FIG. 2 shows a schematic representation of a first embodiment of a system according to the invention.

FIG. 3 shows a schematic representation of a second embodiment of the system according to the invention.

FIG. 4 shows a schematic representation of a third embodiment of the system according to the invention.

DETAILED DESCRIPTION

Unless otherwise specified, a same element appearing in different figures has a single reference.

A first aspect of the invention relates to a method for analysing a sound signal which makes it possible both to recognise each group of command keywords present in the sound signal analysed and to identify the speaker of the sound signal analysed.

The sound signal analysed is recorded by at least one microphone and is noisy, that is, it comprises a useful noiseless sound signal spoken by the speaker and noise generated by the speaker's sound environment, otherwise known as environmental noise, for example a signal generated by a television set or a hoover. The environmental noise is continuously changing and can be both stationary, for example generated by a fan, and instationary, for example generated by a computer keyboard.

The invention has been tested by considering sound files corresponding to the following environments: vehicle interior, traffic noise, hoover, drill, keyboard, musical instruments, singing, white noise, etc.

By “noiseless sound signal”, it is meant a sound signal whose signal-to-noise ratio is strictly greater than 15 dB.

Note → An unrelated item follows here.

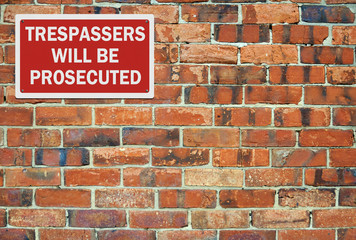 'Trespassers' will be prosecuted' sign, against brick wall. Spac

By “noisy sound signal”, it is meant a sound signal whose signal-to-noise ratio is less than 15 dB.

In the remainder of the description, “microphone” refers to both a single microphone and a microphone array comprising a plurality of microphones located in a same place and intended to improve the quality of recorded sound signals.

By “group of keywords”, it is meant an “intent sentence”.

Within the context of the invention, the group of keywords need not have any meaning, nor be in an existing language.

By “group of command keywords”, it is meant a group of words making it possible to trigger a command of a connected electronic device.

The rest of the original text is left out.